Казак прямо смотрит перед собой. Его глаза глубоко сидят в орбитах. Они серого цвета, ясные и лучистые. Лицо бледное. Очень белое. На щеке – шрам. Из-под папахи вьется каштановый чуб с сильной проседью. Чуб у него казацкий, густой, спутанный. Волосы слегка вьются. Они отличаются способностью сами по себе быстро приходить в беспорядок, почти совершенно закрывая собою лоб.
Неожиданно послышался забытый возглас: «Мрак! Газэта!» Отощавшие разносчики прессы отвыкли от своего занятия – он не вчитались в заголовок, и «Моряк» продавали как «Газэту “Мрак”». За полчаса разошелся весь тираж. Печатали «Моряк» на оборотной стороне неразрезанных табачных акцизных листов – бандеролей времен Центральной Рады с надписями: «За продаж і купівлю тютюнових виробів без бандеролів або з зіпсованими бандеролями винуватці караються на підставі закону».
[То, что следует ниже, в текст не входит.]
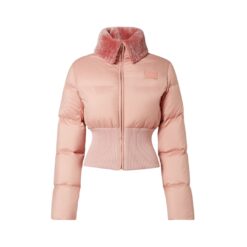 Piumino rosa shearling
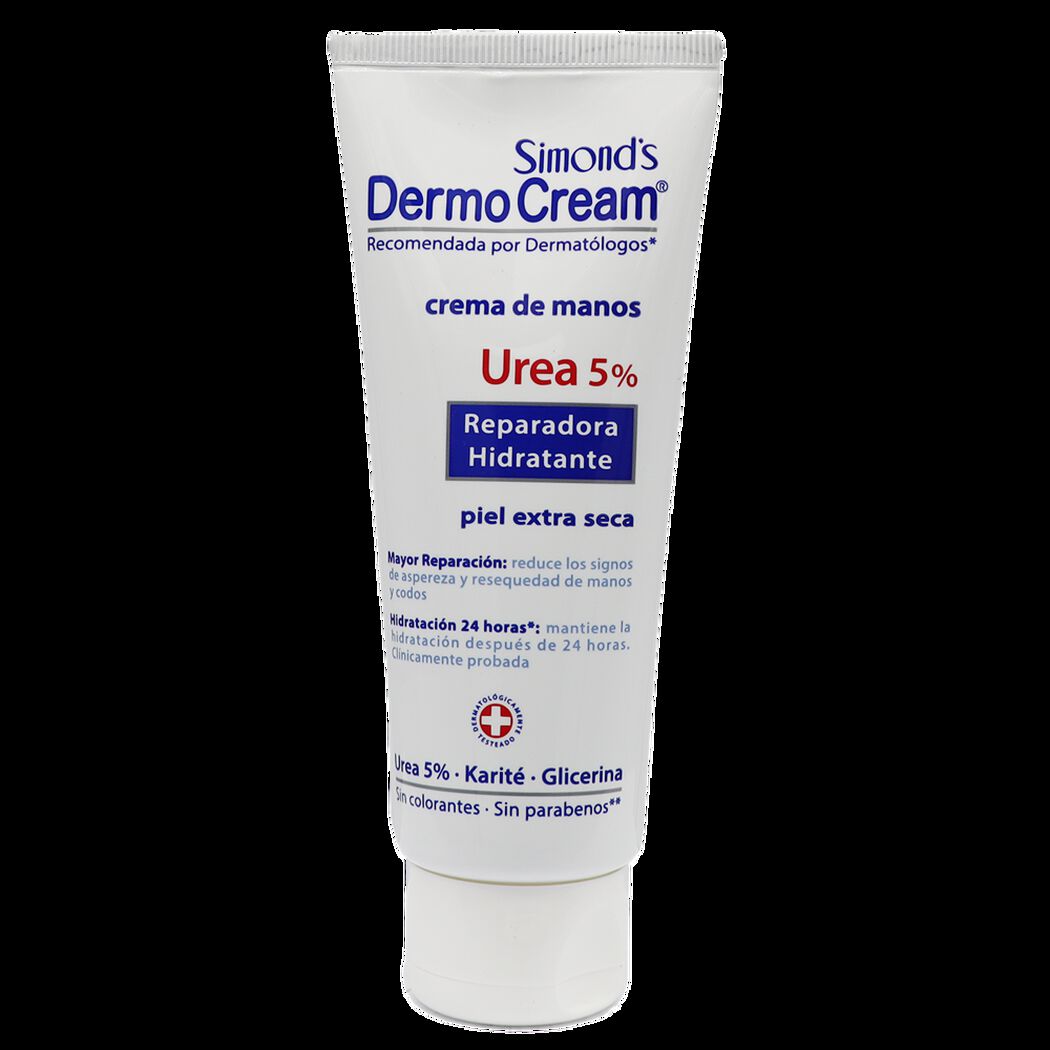 Crema Manos Dermocream Urea 5% 80gr, , large image number 0
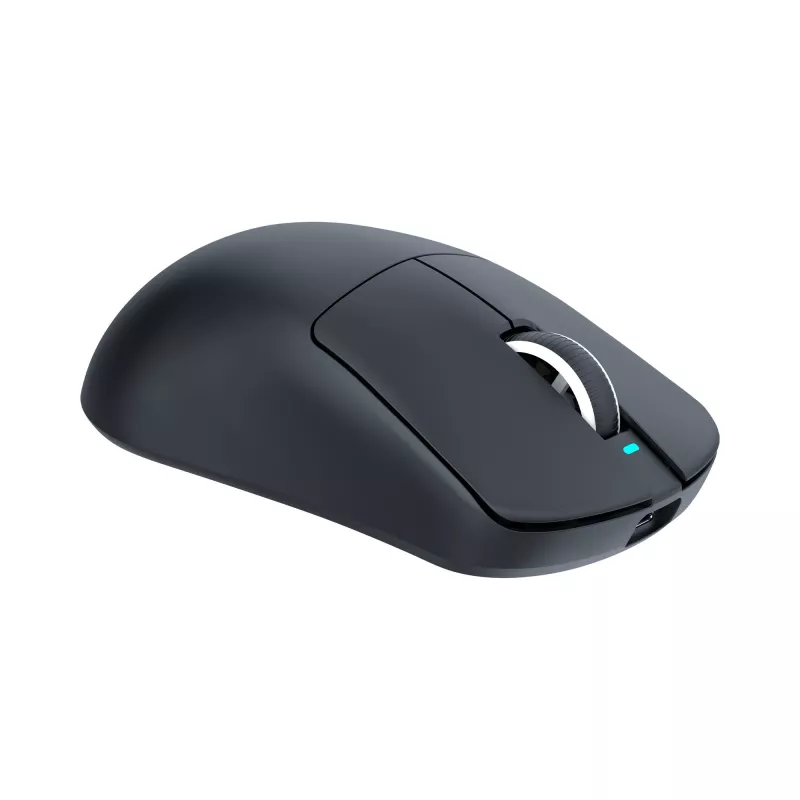 White Shark BORS-B WGM-5021 Kabellose Gaming-Maus, 12000 DPI, 2.4GHz, RGB, Schwarz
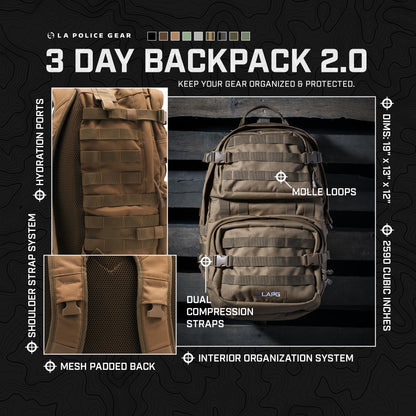 LAPG 3 Day MOLLE Backpack 2.0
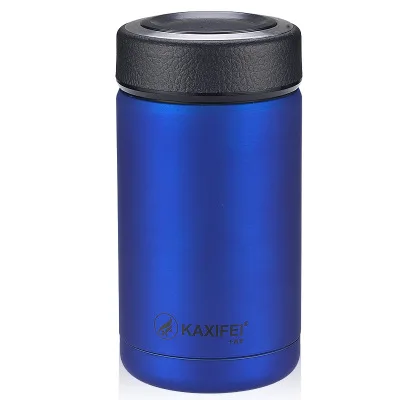 blue Деловая вакуумная колба с фильтром, термос для чая, кофе, кружка, Изолированная бутылка, 304 нержавеющая сталь, вакуумная колба, термокружки для путешествий - Цвет: blue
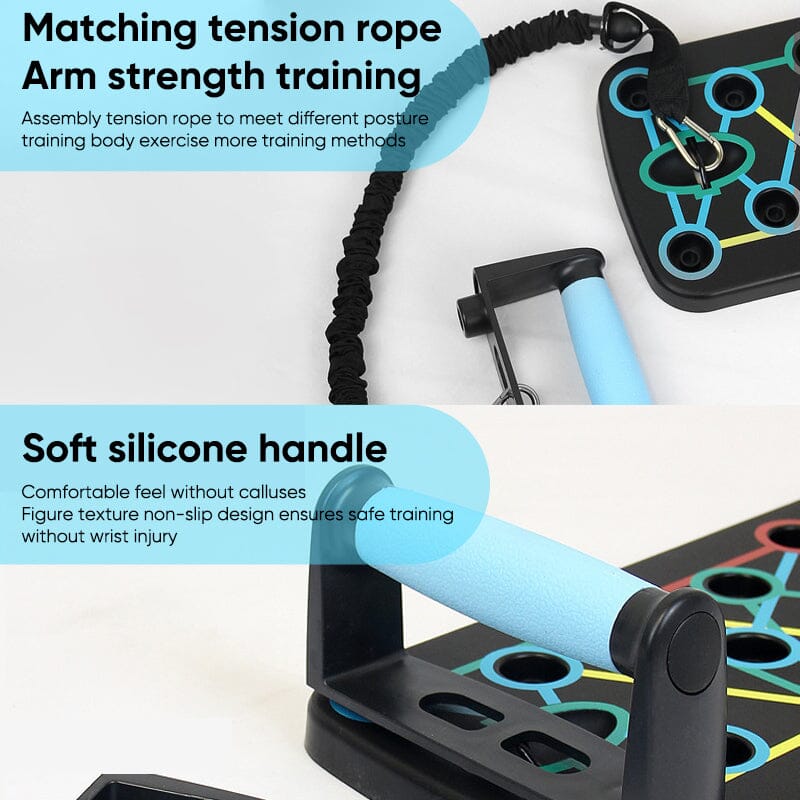 Hjemix | Sammenleggbar Push-Up Multi-Muskel Trener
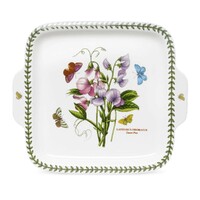 Portmeirion Botanic Garden - Square Handled Dessert Dish - 33cm Sweet Pea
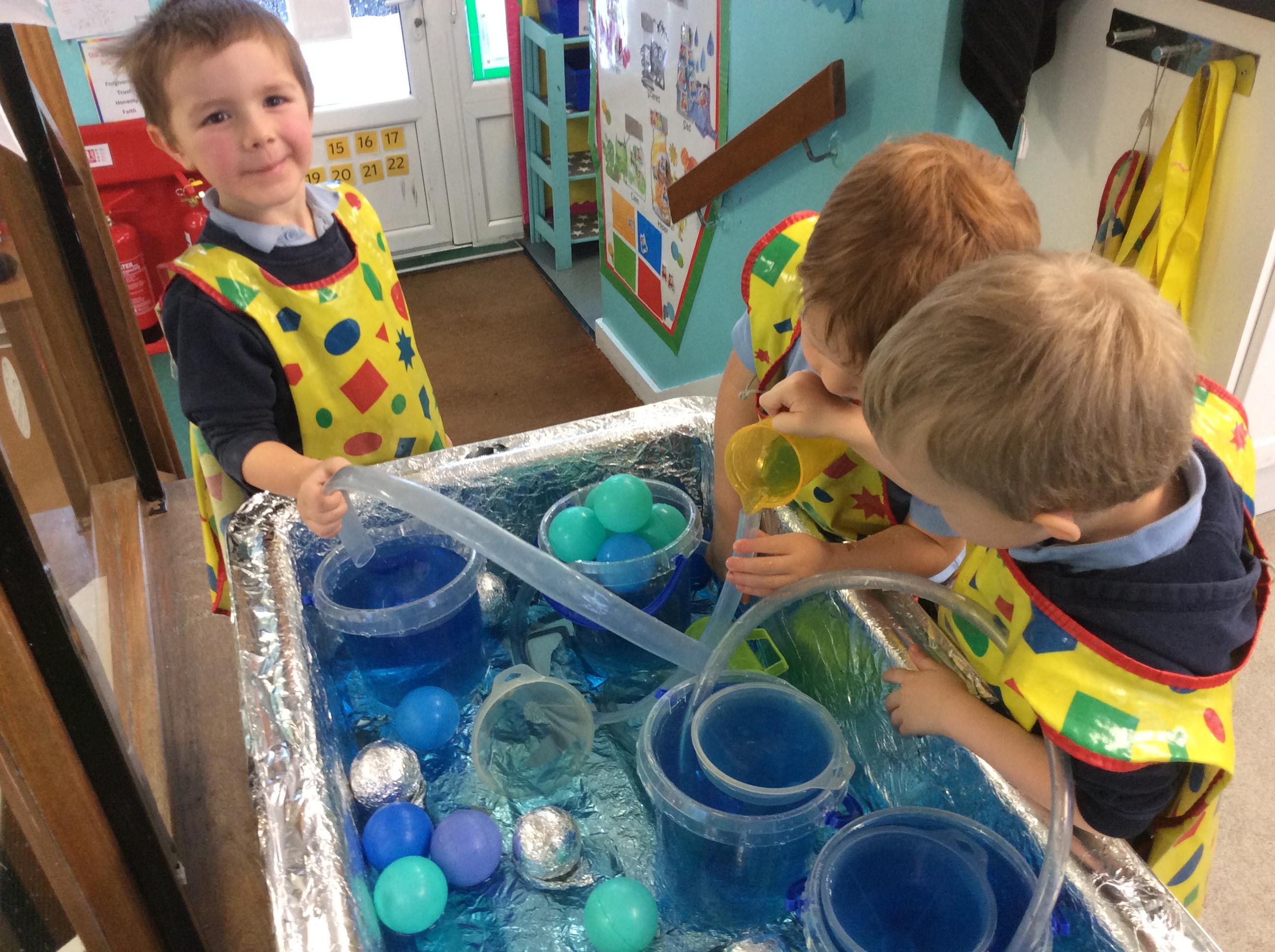 Understanding the world- water tubes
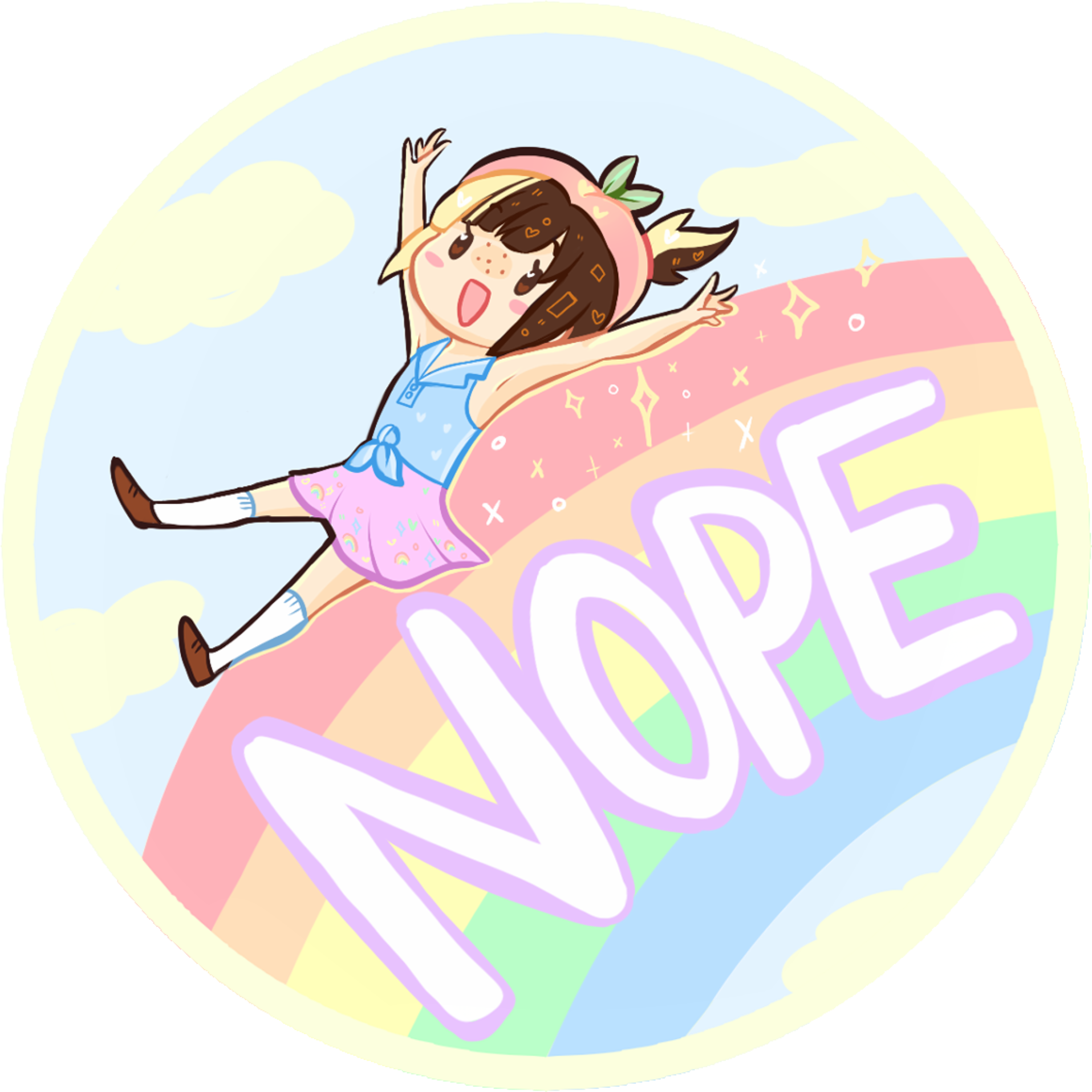 Nope Sticker Original - Illustration (2000x2000), Png Download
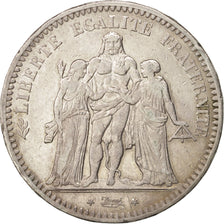 Coin, France, Hercule, 5 Francs, 1849, Bordeaux, VF(30-35), Silver, KM:756.4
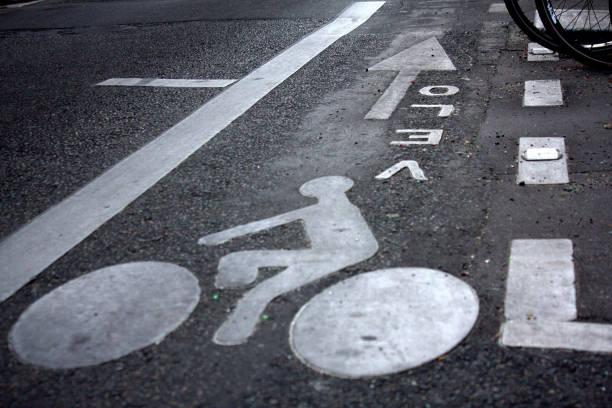 MARKING ON THE GROUND PICTOGRAM VELO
Секретарь редакции Константин Паустовский познакомился тогда со всем «Коллективом поэтов». Они охотно шли к нему ради чудного авторского вознаграждения: черный кубанский табак, синька, хлеб, ячневая крупа, соленая килька. Паустовскому Багрицкого представляет выпускающий «Моряка» Исаак – Изя Лившиц: «Это наш одесский поэт и птицелов Эдуард Багрицкий».
«Вы, как всегда, напутали, Изя, – поправляет его нарочито хриплым басом Багрицкий. – Следует произносить: «Багратион-Багрицкий, последний потомок княжеского кавказско-польского рода из иудейского колена Дзюба».
Высокий и неправдоподобно худой человек с профилем менестреля и прядью красивых каштановых волос, свисавшей на лоб, подает руку Паустовскому. Широкую дружелюбную руку. И щелкает по-военному каблуками. Потом он подходит к шкафу с 82 томами энциклопедии Брокгауза и Ефрона и четырем к ней дополнительными. Достает первый том. Перелистывает его и выбирает все листки папиросной бумаги, которыми в книге были переложены цветные рисунки и карты.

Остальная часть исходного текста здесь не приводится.